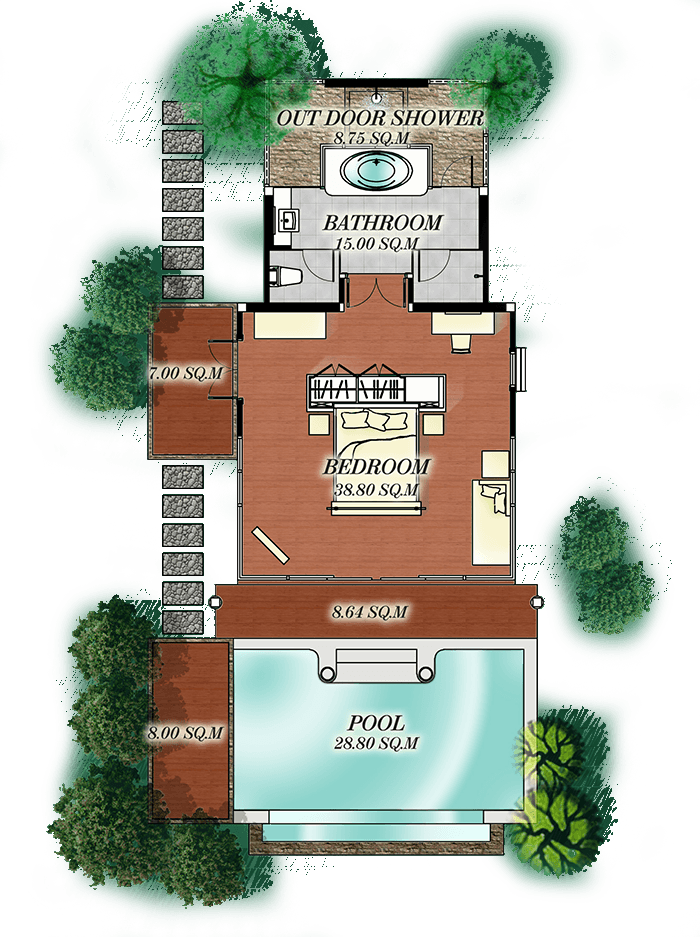 Deluxe Hillside Seaview plan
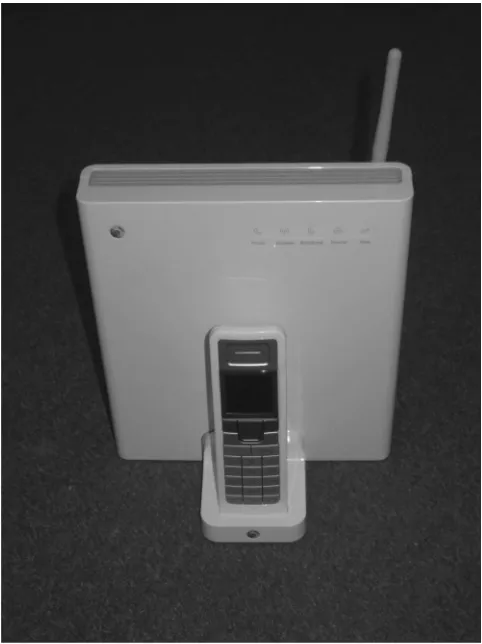 Figure 3 4. BT Home Hub (author). (Source: Author. Reproduced by permission of& Dave Wisely, British Telecommunications plc.)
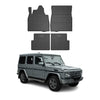 OMAC Alfombrillas De Coche para Mercedes G Class 2012-2018 Negro Goma 4Pza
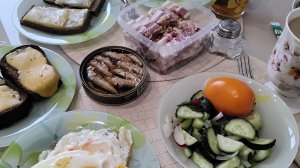 Мой завтрак диабетика.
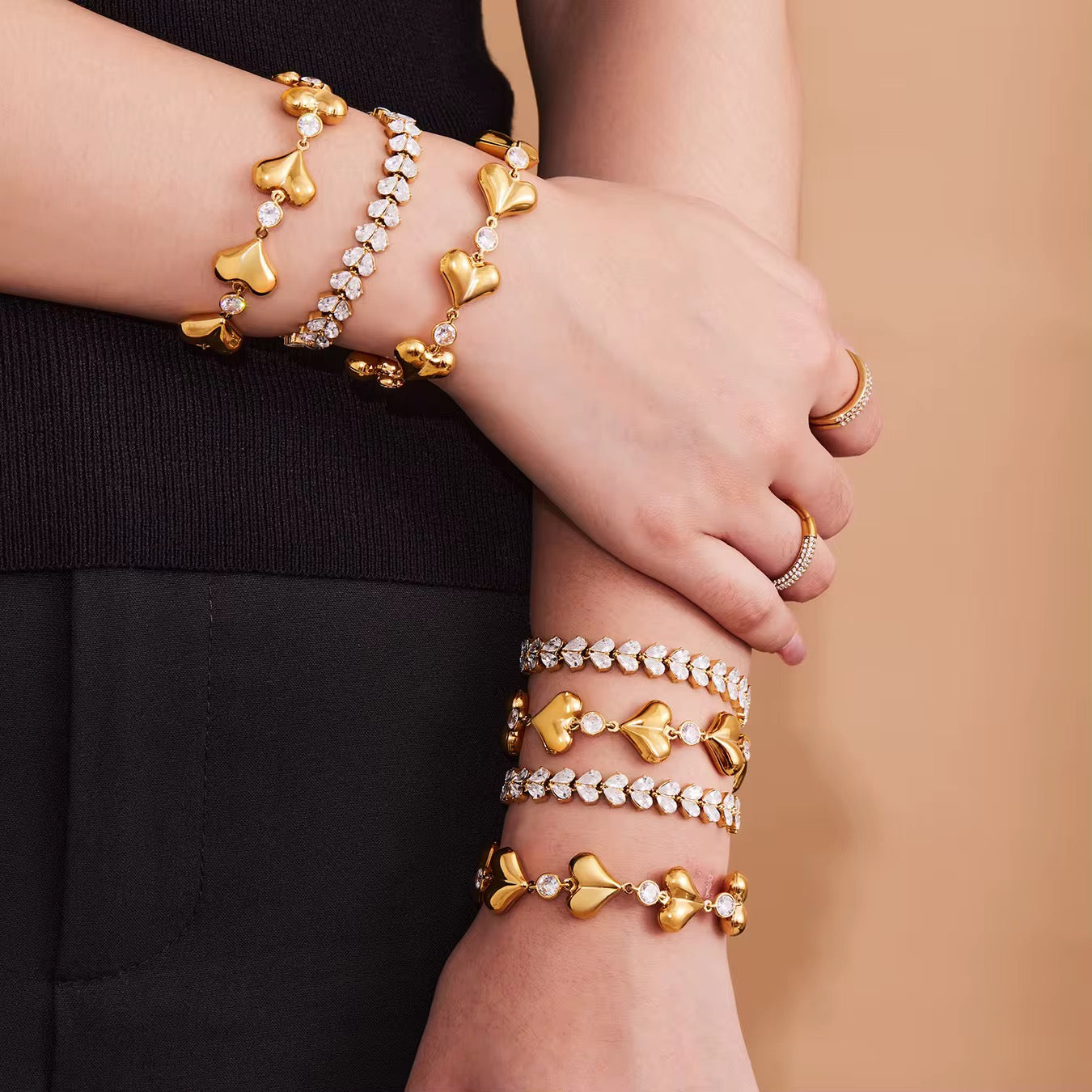 Crystal Petal Tennis Bracelet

**PROBLEM DESCRIPTION**
Restate the listing word for word, pictures omitted.

**ANSWER SECTION**
 Deluxe Hillside Seaview plan
 Figure 3 4. BT Home Hub (author). (Source: Author. Reproduced by permission of& Dave Wisely, British Telecommunications plc.)
 OMAC Alfombrillas De Coche para Mercedes G Class 2012-2018 Negro Goma 4Pza
 Мой завтрак диабетика.
 Crystal Petal Tennis Bracelet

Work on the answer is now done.